The email was intended to create terror within me and to say otherwise negates the experience of my last few weeks. I have sat in cafes paranoid that the man next to me might be him, even thinking the gardener at my new home might be him.
The terror of a rape threat is insidious and the worst part is the unknowing. It created a poisoned cloud over my life that has been effective in making me want to shut down and hide.
I’m an adult – a mother, a musician, a writer and a teacher. I have a place in my community and great friends, yet I have been scared to open up and tell them how affected I have been because I am ashamed of how I feel and I don’t want to burden them.
I am not a 15-year-old girl in a small football town anymore. I am a grown woman, yet this email has stirred up the old mud that had settled in my adult stability and clearly still existed deep within.
Knowing that I can still be raped, used and discarded even now is quietly terrifying.
It’s horrible to feel this weak again, the police have been slow and this has only added to my anxiety. Three weeks on and they still haven’t got around to even tracing the IP address. Apparently their resources are stretched and my single threat is not high on their list of priorities – or so it appears. I still have no idea who this threat is from.
Thankfully, I am solution-orientated. Once I recognised that my fear of being hurt by a man was creating my anxiety, I then thought about how could I transform this into feeling supported and cared for by men?
After all, men are not all monsters and this one man doesn’t get to ruin their good name. And yet, how could I get the beautiful men I know to say something?

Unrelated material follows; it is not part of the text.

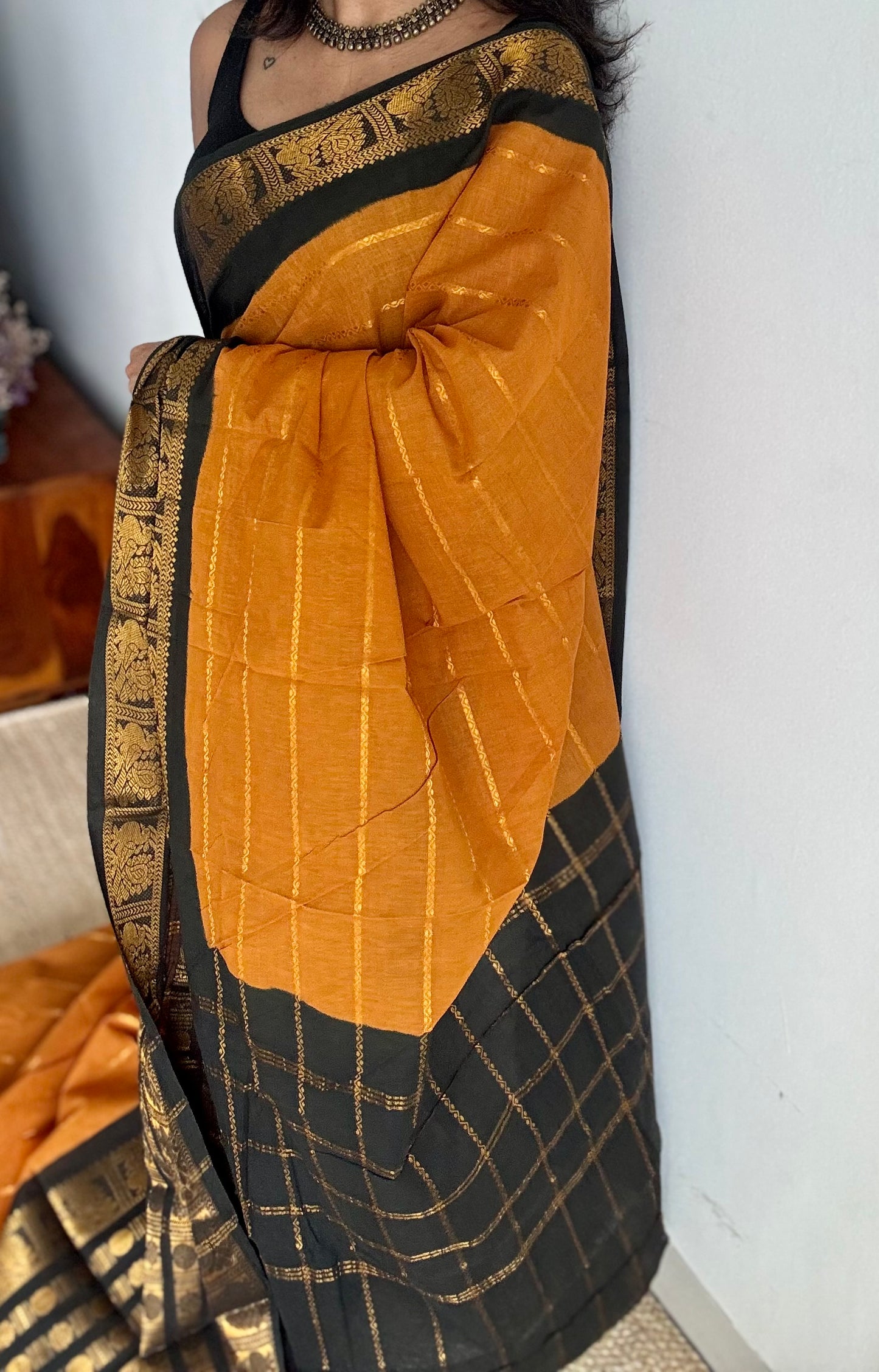 Turmeric yellow with black, peacock rudraksham motif, single side broad zari - madurai kattuchayam dyed - YCCOTNAUS27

I decided I’d invite my male friends to talk to the man who wrote the email. I asked that they respond without violence because retribution and retaliation simply becomes an endless cycle. I wanted this unknown man to know that I had many male friends whose values were vastly different from his and were there for me – and I wanted to give those men the chance to stand up.
And they did… I take your hate and I create.
The responses from some of these men had me holding my heart in tears. The strength, support and conviction in their words made me feel safer, gave me hope and made me feel less alone. Men that I had never even met stood up for me – it reached further than I ever expected.
Since the post, many women have pulled me aside to say that in their experience men are mostly silent on the issue of men’s violence against women. They were relieved to see that the men who responded proved that this is not always the case.
Other women also privately messaged me.
“As a fellow survivor, the comments made on your blog are very empowering for me.”
“I cried reading the comments the men made, (because) sometimes, when I look at what’s happening, I feel like they don’t care.”
So here within lies a bigger issue. It appears many women feel that men don’t support them nor understand the fears they can face. It’s also apparent that men are feeling confused about what to do in terms of how to address men’s violence against women. There is a big elephant in the room in the shame and discomfort that many men feel around this that makes these conversations difficult. Maybe all it takes is for more men to make a stand – and for more public awareness to be made of their collective voices?
I have learned from this as well. As a younger woman, I often tried to placate violent men out of fear. The older I got, my anger towards them made me want to retaliate, often through putting them down verbally. It felt like I was standing up for myself. Yet, now I understand that in the online world, feeding violent and threatening trolls just encourages them further.
Although the situation I am in is a horrible one, I intend to turn it around and try to make the world a safer place for women. For every abusive man, there are many more men who aren’t and we need to give these men a platform. We need to give our attention to the beautiful ones and encourage them to speak up.
This does not, in any way, mean ignoring the issue of men’s violence against women, but rather shine a light on it by allowing men to acknowledge it so they can help change it.
It’s the men who responded to my blog, and the many, many others who are standing up beside women and supporting them that will end men’s violence against women.
“The only thing necessary for the triumph of evil is for good men to do nothing.” – Edmund Burke
This is a call out to everyone who wants to help end men’s violence against women.
I wanted to change this dark experience into a positive one, so I decided to “take the hate and create” so I could take the power back and own it. I have, with the support of good friends, begun using the hashtag #takethehateandcreate to help build awareness of my project and allow others to do the same.
How are you able transform the hate you have experienced into something positive you own, something that you’ve made, something you have created?
What can you create from the hate? Can you sing, write, paint, dance, make balloon animals or rhyme to convert a place of pain into a place of positive reinforcement that beams with your creativity.
So, how am I going to take the hate and create?
I shall use all the comments I receive and print them onto fabric to make little flags of support that I will wave proudly into all winds. Because the men who respond to this deserve to be praised and raised.
I invite everyone to #takethehateandcreate.